Não consigo ir até lá. Na última vez em que me sentei ali, ele tentou me beijar.

— Po-de falar... Estou ouvindo-do — gaguejo, pois, estou sentindo medo.

Ele fica nitidamente bravo. Se levanta e posso ver que tem um volume em suas calças. Minha amiga me disse que os homens ficam assim quando querem namorar. Dou um passo para trás.

—  Jully, quando eu te chamar, você vem! — grita e pula em minha direção.

Tento correr, mas não consigo. Ele me segura firme, começo a chorar, me desespero, quero minha mãe... Eu grito...grito...

Acordo.

— Me solta, me solta, maldito! — grito e empurro a pessoa que está ao meu lado na cama.

Minha respiração está rápida, estou tremendo de verdade.

Mas não é ele, aquele maldito. Foi um sonho, quer dizer, uma lembrança.

Somente agora noto que é Marco quem está ao meu lado. Ele está assustado, provavelmente teme ter feito algo de errado.

— Ana! — me chama preocupado.

Estou chorando e me lanço sobre ele. As lágrimas descem em desespero, não consigo controlar.

Marco me olha confuso.

— Só me abraça — imploro.

Ele me envolve carinhosamente.

— Ana, o que está acontecendo?

Como é bom tê-lo aqui. Deito-me em seu peito.

— Marco...— choro mais forte.

Ele me aperta mais e beija o topo da minha cabeça.

— Tudo bem... Seja lá o que for, eu estou aqui.

Ficamos assim por alguns minutos.

Estou mais calma, ergo a cabeça e lhe encaro. Ele beija meus lábios devagar num toque simples e suave, acaricia meus cabelos.

— Eu te disse que tinha meus próprios traumas... — falo diretamente.

Mas ele não me faz nenhuma pergunta, vejo que não deseja me pressionar. Mesmo assim, falo. Sinto uma necessidade de contar isso para alguém, nunca consegui me abrir, a não ser com uma terapeuta que consultei há alguns anos.

— Marco... Quando eu tinha 11 anos, fui abusada sexualmente e estuprada — falo, me contendo com a dor da recordação.

Ele fica em estado catatônico.

— Ana...?

Não lhe deixo falar. As lágrimas descem novamente quando me recordo daquele dia.
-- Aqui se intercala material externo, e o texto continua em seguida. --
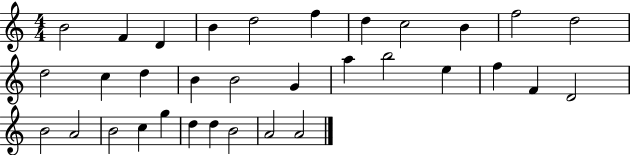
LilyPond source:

{
  \clef treble
  \numericTimeSignature
  \time 4/4
  \key c \major
  b'2 f'4 d'4 | b'4 d''2 f''4 | d''4 c''2 b'4 | f''2 d''2 | \break d''2 c''4 d''4 | b'4 b'2 g'4 | a''4 b''2 e''4 | f''4 f'4 d'2 | \break b'2 a'2 | b'2 c''4 g''4 | d''4 d''4 b'2 | a'2 a'2 | \break \bar "|."
} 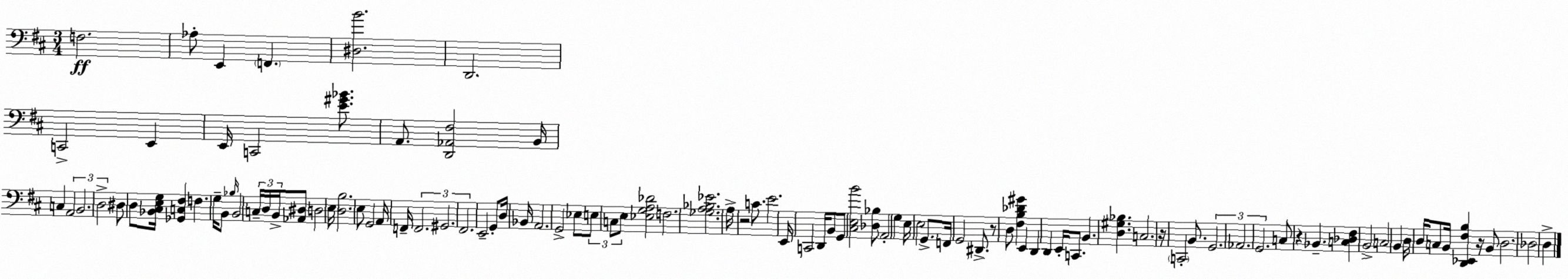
X:1
T:Untitled
M:3/4
L:1/4
K:D
F,2 _A,/2 E,, F,, [^D,B]2 D,,2 C,,2 E,, E,,/4 C,,2 [E^G_B]/2 A,,/2 [D,,_A,,^F,]2 B,,/4 C, A,,2 B,,2 D,2 ^D,/2 D,/2 [_B,,^C,E,G,]/4 [_G,,C,^F,] F, G,/4 B,,/2 _B,/4 B,,2 C,/4 D,/4 B,,/4 [_A,,^D,]/2 D,2 E,/4 [D,B,]2 E,/2 G,,2 A,,/4 F,,/4 F,,2 ^G,,2 ^F,,2 E,,2 G,,/2 D,/4 _B,,/4 A,,2 G,,2 _E,/2 E,/2 C,/2 E,/2 [_E,G,A,_D]2 F,2 [_G,A,_B,_E]2 A,/4 z2 C/2 E2 E,,/4 C,,2 D,,/4 B,,/2 G,,/2 [^C,E,B]2 [_D,_B,]/2 A,,2 G, E,/4 E,2 G,,/2 F,,/4 G,,2 ^D,,/2 z/2 D,/2 [^F,B,_D^G] E,, D,, D,, E,,/4 C,,/2 B,, [D,^G,_B,] C,2 z/4 C,,2 B,,/2 G,,2 _A,,2 G,,2 C,/2 z _B,, [C,_D,^F,] B,,2 C,2 B,, D,/4 D,/4 C,/2 B,,/4 [D,,_E,,^F,B,] z/4 B,,/2 D,2 _D,2 D,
— Eu era apenas uma criança... Passei a ter muitos pesadelos. Nunca consegui falar sobre isso com ninguém.

Ele ainda está chocado, e vejo uma preocupação também em seus olhos. Marco repousa sua testa na minha.
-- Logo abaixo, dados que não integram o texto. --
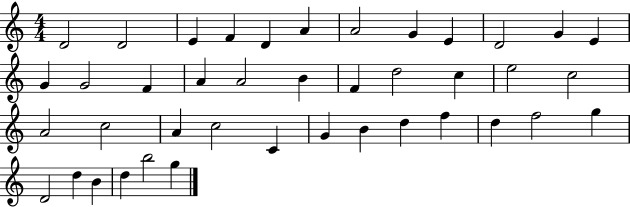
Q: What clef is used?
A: treble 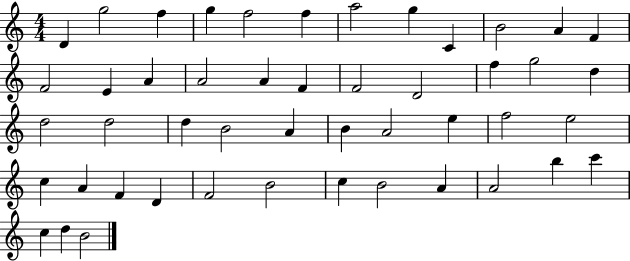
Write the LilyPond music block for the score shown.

{
  \clef treble
  \numericTimeSignature
  \time 4/4
  \key c \major
  d'4 g''2 f''4 | g''4 f''2 f''4 | a''2 g''4 c'4 | b'2 a'4 f'4 | \break f'2 e'4 a'4 | a'2 a'4 f'4 | f'2 d'2 | f''4 g''2 d''4 | \break d''2 d''2 | d''4 b'2 a'4 | b'4 a'2 e''4 | f''2 e''2 | \break c''4 a'4 f'4 d'4 | f'2 b'2 | c''4 b'2 a'4 | a'2 b''4 c'''4 | \break c''4 d''4 b'2 | \bar "|."
}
— Você nunca denunciou? — Não consigo falar, apenas fungo. — Ana... Como eu queria ter te protegido... Que maldito!

Me abraça e me convida a repousar minha cabeça em seus ombros. Aceito de imediato. Aqui me sinto bem.
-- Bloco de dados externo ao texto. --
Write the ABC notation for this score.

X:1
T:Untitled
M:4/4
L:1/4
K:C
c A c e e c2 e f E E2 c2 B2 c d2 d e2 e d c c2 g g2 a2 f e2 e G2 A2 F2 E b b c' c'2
Respiro fundo e tento me recompor.

— Nunca contei para ninguém.

— Seus pais... Não souberam? Quem foi, quem fez isso covocê? — O tom de sua voz é de completa revolta. Noto que Marco toma minhas dores.

— Não, eu nunca contei nada para minha mãe. Não conheço meu pai. Sempre foram somente eu, minha mãe e minha irmã. Até que Louyse morreu por causa de um câncer.

Sinto Marco apertar minhas mãos de forma carinhosa. Esse homem está sendo perfeito.

— Nossa, isso não deve ter sido fácil.

— Não mesmo. Ainda mais quando sua mãe se dedica tanto por sua irmã e não aceita o fato dela não ter sido curada, descarregando toda sua frustração sobre você. Às vezes, acho que minha mãe desejava que eu tivesse morrido no lugar da Louise e confesso que desejei isso várias vezes.

Marco respira fundo.

— Vem aqui. — Ele me abraça novamente.

Me aninha nele, mas continuo falando:

— Minha mãe me odeia. Me odeia por ter sobrevivido, me odeia porque consegui vencer na vida, ao contrário do que ela esperava.

— Poxa, Ana. Sua mãe está perdendo a mulher incrível que você é.

Me inclino e deito em seu colo, fazendo suas pernas de travesseiro, sinto suas carícias e isso me tranquiliza. Fico feliz que ele esteja aqui. Em outras noites sombrias como esta, eu me enchia de remédios para tornar as coisas menos dolorosas.

— Que bom ter você aqui - sussurro, deitada.

Marco coloca um travesseiro debaixo da minha cabeça e se ajeita ao meu lado. Estamos deitados de conchinha.

— Não desejo estar em nenhum outro lugar.

Ele beija atrás da minha orelha, isso é muito bom.

Gemo.

— Hummm...

— Ana, somos o remédio que alivia a dor um do outro.

Gosto da sua comparação, mas como qualquer outro remédio, corremos o risco de ficarmos viciados, isto me preocupa.

Me viro, ficando de frente, ele me olha de uma forma tão intensa que desejo me lançar sobre ele. Então lhe beijo. Um beijo cálido. Sua boca está quente e é acolhedora. Marco me rende com carinho e cuidado. Nosso ritmo é lento, pois não temos pressa alguma.